After Blenheim by Robert Southey
Something about the background of the poem.. Historically, Europe has been a theater of strife, battles, and wars. Dukes, kings, and emperors fought wars from the safety of their palaces with no great reason, other than expanding their spheres of influence. Through patriotic propaganda, coercion, and brainwashing, ill-trained and ill-equipped young people were sent to the battlefront. What resulted was death, injury, and deprivation of colossal scale. The pain inflicted on the society was immense, but no one had the courage and sense to stand up and ask why the wars were being fought. Every pain was justified on the altar of patriotism. Europe bled, while its rulers boasted.
In this poem, the author launches a scathing attack on such senseless resort to violence and bloodshed for no apparent reason. Small causes that could easily be resorted through diplomacy were blown up to project them as affronts to the national honour. No one thought about the young widows, the orphans, the old parents who lost their dearest ones. Battles are savage exercise of strength where morality and rationality are consigned to flames. Brute animal instincts are fanned that unleash the devil in a man. The poet passionately underlines the futility of wars and portrays the urge to kill another human being as something totally abhorrent and vulgar.
The poem… It is set in Blenheim in Germany. A war was fought there in 1704, where British soldiers fought against the French. The British finally prevailed, but the cost to either side was terrible. The scars took long to heal.
Stanza 1 .. Kasper was a German. He had a grandchild named Wilhelmine.
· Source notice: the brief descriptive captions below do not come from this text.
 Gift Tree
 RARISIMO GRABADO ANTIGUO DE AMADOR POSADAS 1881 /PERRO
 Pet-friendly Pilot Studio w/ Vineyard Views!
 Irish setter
It was a summer evening. Kasper had finished his day’s work, and was basking in the soft sunlight. Wilhelmine was playing nearby.
Stanza 2 .. The child’s brother, Peterkin had stumbled upon a large smooth spherical thing while playing near a stream flowing in the vicinity. The boy was curious to know what the object he had brought was.
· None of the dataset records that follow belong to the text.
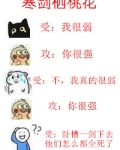 寒剑栖桃花人物关系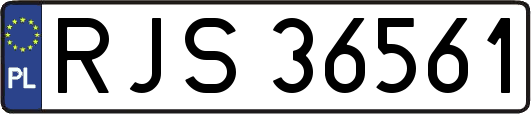 RJS36561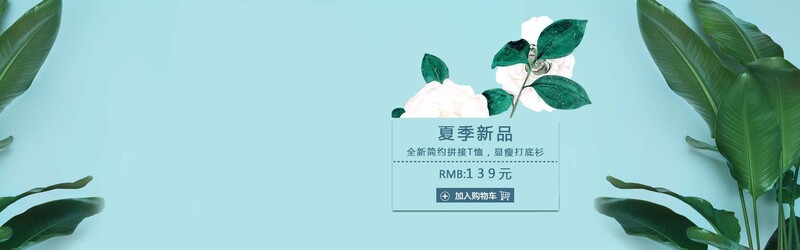 夏季新品banner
Stanza 3 .. Kasper took the object from the boy’s hand, examined it, and declared that it was the skull of a dead soldier, who had been killed in the ‘great war’. [It is pertinent to mention here that in popular perception, the ongoing war was assumed to be something glorious and great.]
Stanza 4 .. The grandfather further explained that he regularly finds such skulls in good number when he ploughs his field. The ploughshare digs our the skulls. He says that many soldiers had laid down their lives in the ‘great’ war, these are the remains of those valiant men.
Stanza 5 .. The two grandchildren, Peterkin and Wilhelmine, the skulls certainly held some dark secrets. They were eager to know from their grandfather, why the people died, and what they fought for. ‘What was the motivation behind the war, and what purpose it served,’ they begged Kasper to reveal.
Stanza 6 .. Kasper said it was the English who turned their fury on the French and inflicted much death and destruction. However, he could not say what triggered the war, and why mayhem in such gigantic scale happened. He could only say that it was a ‘famous victory’. He had no other clue.
Stanza 7 .. Kasper recollected the events of the war days at Bleheim. His father’s house beside the stream was reduced to ashes as the enemy rolled in. His parents had to flee with their children to save their lives. They had no place to take shelter in.
Stanza 8 .. The war caused mammoth loss of innocent civilian lives. Men, young and old, women, some of them pregnant, children, all perished. There was death and destruction all around the country. Untold misery and horror ravaged the landscape. But, in the popular perception, it was a ‘famous victory’.
Stanza 9 .. After the guns of the war fell silent, one saw the scale of loss of human lives in the battle field. Countless dead and decaying bodies lay under the sun. There was no one to give the dead men a decent burial. In the next breath, Kasper says that wars such as this always bring massive loss of life and property. It is inevitable. After all, it was a ‘famous victory’.
Stanza 10 .. Kasper described hoe the Duke of Marlbro won and brought glory to his people. Prince Eugene endeared himself to his people for bringing such victory and fame. Wilhelmine was not convinced. She felt such sacrifice of life and property was unjust and unwarranted. It was too big a loss to justify the suffering and pain it caused. However, Kasper kept on asserting that it was a ‘famous victory’.
Stanza 11 .. Kasper narrated how, in the aftermath of the war, everyone praised the Duke for having brought such a great victory. Little Peterkine couldn’t reconcile himself to the stance of his grandpa. He continued to be indignant. He demanded to know what great cause the war was fought for. Kasper ceded some ground to his little Peterkine. He admitted that he didn’t know why the war was fought, but kept repeating that it was a ‘famous victory’.
- What is the underlying theme of the poem?
- Do you feel this poem should be hung in all public place like schools, offices, airports, stations etc. to awaken the citizens about the futility of war?
- If war is so repugnant to our moral sense, why we have not been able to banish it altogether?